### [What you are asked to do]
The whole listing below needs to be duplicated exactly, pictures aside.

--- Provided material Enclosed Below ---

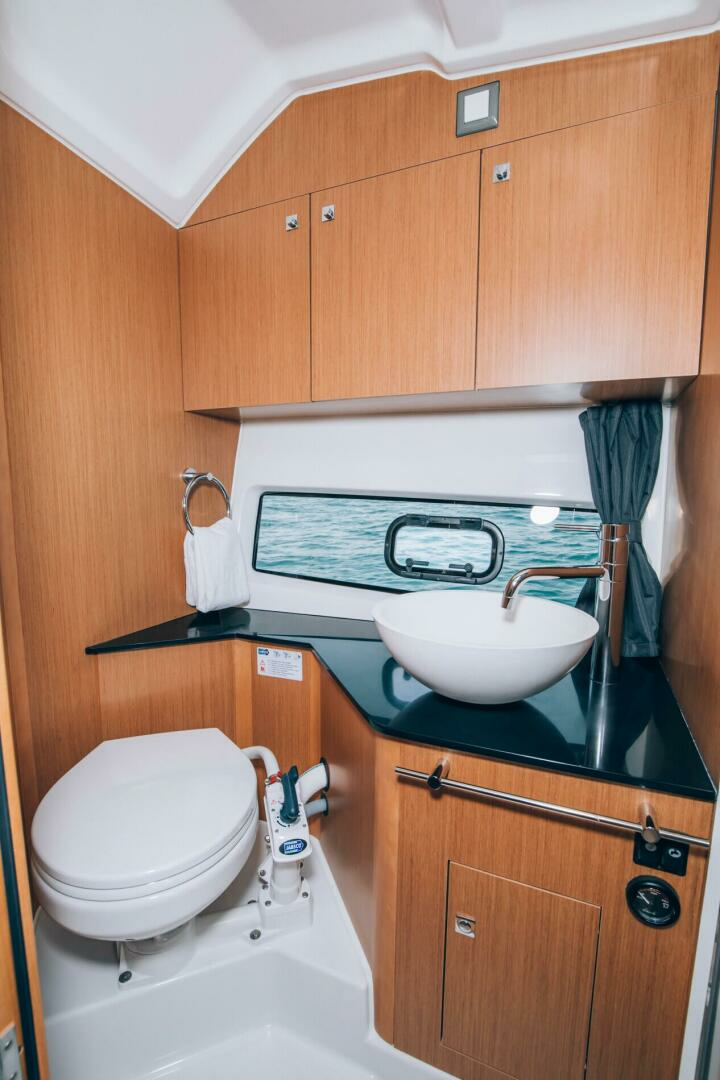 2025 Beneteau Flyer 10 - Image 15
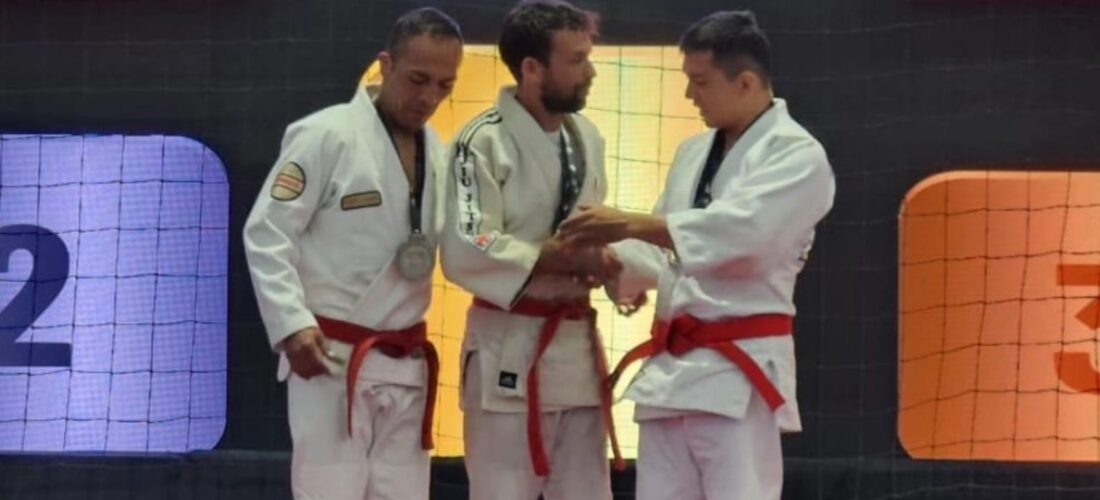 CARRIZO BICAMPEÓN PANAMERICANO DE JIU-JITSU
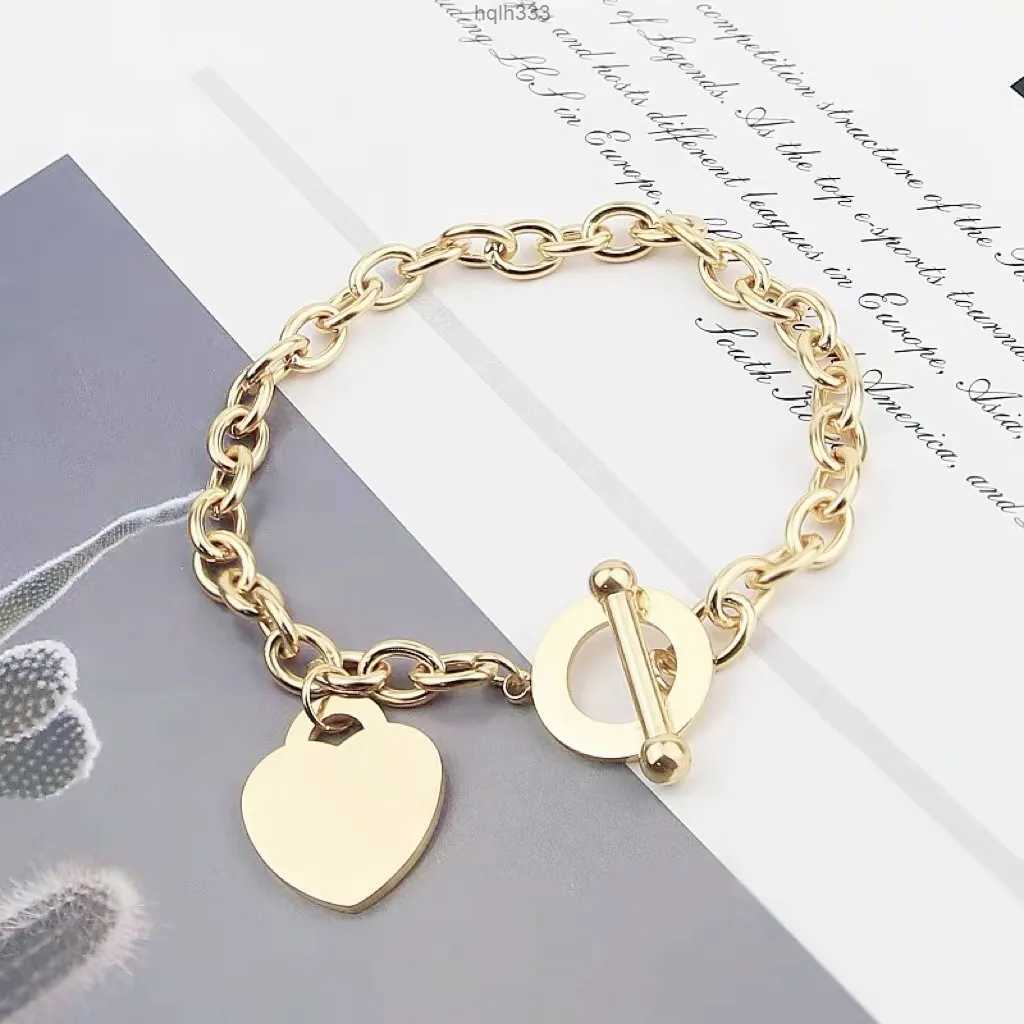 Fashion Designer Christmas Gift Stainless Steel Chain Silver Bracelet Necklace Set Original Fashion Classic Bracelet Female Jewelry Giftmnbdr2wz
Fashion Designer Christmas Gift Stainless Steel Chain Silver Bracelet Necklace Set Original Fashion Classic Bracelet Female Jewelry Giftmnbdr2wz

--- End of Enclosed Provided material ---

### [Solved exercise]
 2025 Beneteau Flyer 10 - Image 15
 CARRIZO BICAMPEÓN PANAMERICANO DE JIU-JITSU
 Fashion Designer Christmas Gift Stainless Steel Chain Silver Bracelet Necklace Set Original Fashion Classic Bracelet Female Jewelry Giftmnbdr2wz
Fashion Designer Christmas Gift Stainless Steel Chain Silver Bracelet Necklace Set Original Fashion Classic Bracelet Female Jewelry Giftmnbdr2wz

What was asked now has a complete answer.